Similar to the case under LC, the common mortality index

K_{t}

can be modelled as a random walk with drift process. On the other hand, the group-specific time component

k_{t, i}

is fitted by a stationary autoregressive process to ensure coherent forecasts in the long term. Specifically,

\begin{matrix} K_{t} & = K_{t - 1} + d + e_{t} \\ k_{t, i} & = α_{0, i} + α_{1, i} k_{t - 1, i} + e_{t, i} \end{matrix},

(7)

where

α_{0, i}

and

α_{1, i}

are the autoregressive parameters and

e_{t, i}

is the Gaussian error term with null mean. The stationarity guarantees that deviations of each population from the common trend will not continue in the long run. Given the data observed in the last year T, the h-step-ahead forecast of the log central death rate is given as follows:

ln {\hat{m}}_{x, T + h, i} = a_{x, i} + B_{x} {\hat{K}}_{T + h} + b_{x, i} {\hat{k}}_{T + h, i} .

(8)

2.4. The Coherent Functional Data Model (CFDM)

Hyndman et al. (2012) propose a mortality model with coherent forecasting, which is developed from the single-population functional data model (Hyndman and Shahid Ullah 2007). Instead of working on mortality rates directly, the coherent functional data model (CFDM) predicts the product and ratio functions of mortality rates for different groups. Considering the case with I populations, the product and ratio functions are given as

\begin{matrix} p_{x, t} & = {(\prod_{i = 1}^{I} m_{x, t, i})}^{1 / I} \\ r_{x, t, i} & = m_{x, t, i} / p_{x, t} \end{matrix},

(9)

where

m_{x, t, i}

is the central death rate of population i (

i = 1, 2, \dots, I

). Therefore, the CFDM is also referred to as the product-ratio model, which can be expressed as:

\begin{matrix} ln p_{x, t} & = μ_{x, p} + \sum_{j = 1}^{J} ϕ_{t, j} β_{x, j} + ε_{x, t} \\ ln r_{x, t, i} & = μ_{x, r, i} + \sum_{g = 1}^{G} ψ_{t, g, i} γ_{x, g, i} + ε_{x, t, i} \end{matrix},

(10)

where

μ_{x, p}

and

μ_{x, r, i}

are the average of

ln p_{x, t}

and

ln r_{x, t, i}

across years,

ε_{x, t}

and

ε_{x, t, i}

are serially uncorrelated error terms with zero mean, and the principal factors

β_{x, j}

,

γ_{x, g, i}

and their corresponding component scores

ϕ_{t, j}

,

ψ_{t, g, i}

are obtained using the weighted principal components analysis (Hyndman and Shang 2009). This fitting technique assigns higher weights to more recent data, which avoids the problem of potential time-varying age components (Lee and Miller 2001).

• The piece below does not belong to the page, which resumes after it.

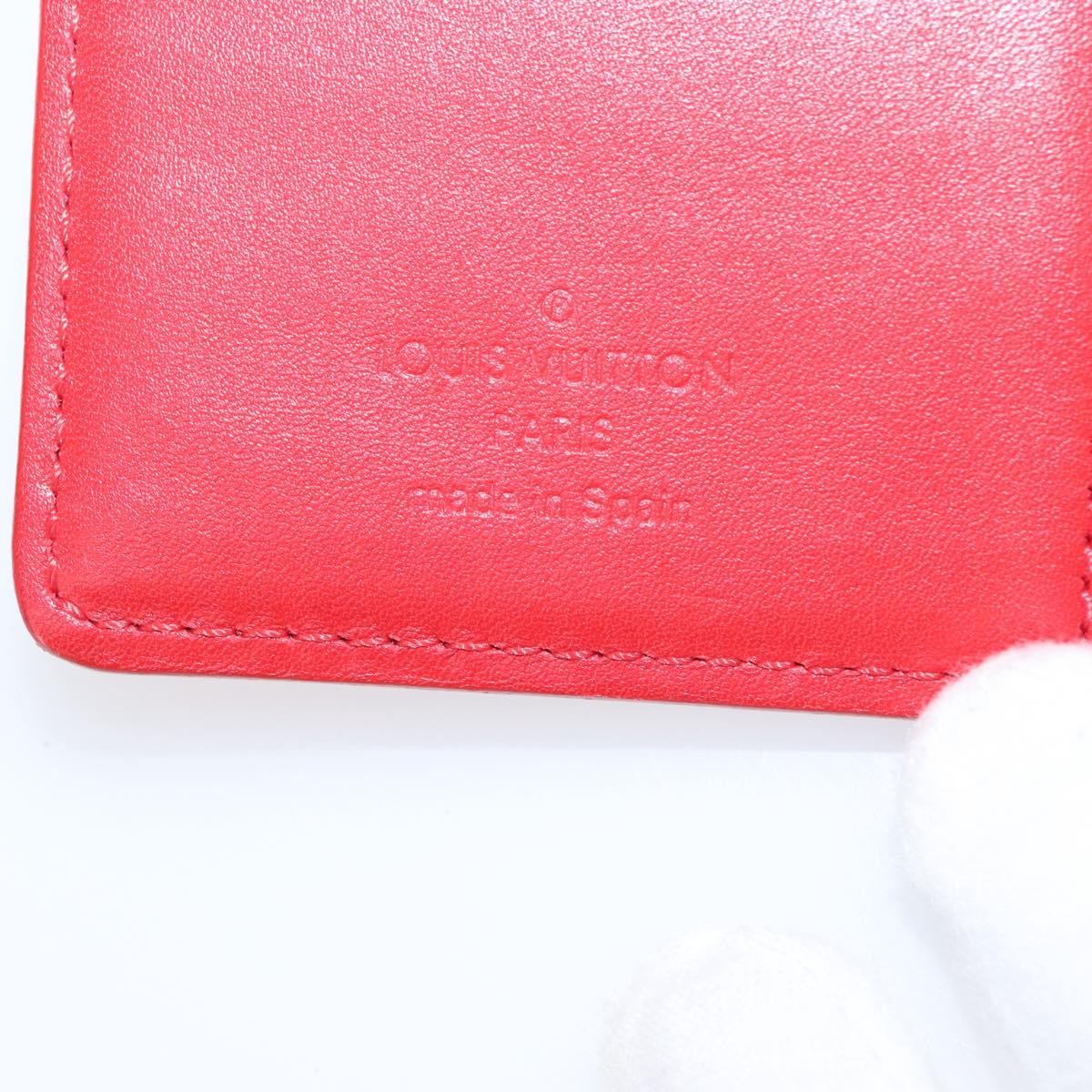 Louis Vuitton Agenda Cover Patent Leather Red Patent_Leather Toiletry Case Accessory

Both the number of principal factors for product and ratio functions are set to be 6 (

J = G = 6

) which is the optimal choice balancing forecast accuracy and parameter parsimony (Hyndman et al. 2012). Those time-varying components of the product function govern the main trend of future mortality rates and are forecasted by non-stationary processes. Nonetheless, stationarity is required in modelling the period effects for the ratio function to ensure the non-divergence of mortality projections. The h-step-ahead forecast of log central death rates for each subpopulation can be calculated as

\begin{matrix} ln {\hat{m}}_{x, T + h, i} & = ln ({\hat{p}}_{x, T + h} {\hat{r}}_{x, T + h, i}) \\ = μ_{x, i} + \sum_{j = 1}^{J} {\hat{ϕ}}_{T + h, j} β_{x, j} + \sum_{g = 1}^{G} {\hat{ψ}}_{T + h, g, i} γ_{x, g, i} \end{matrix},

(11)

where T is the end of the fitting period,

μ_{x, i} = μ_{x, p} + μ_{x, r, i}

. While the prediction function is similar to that under the LL model, the CFDM model adopts six components for the common and population-specific factors rather than one.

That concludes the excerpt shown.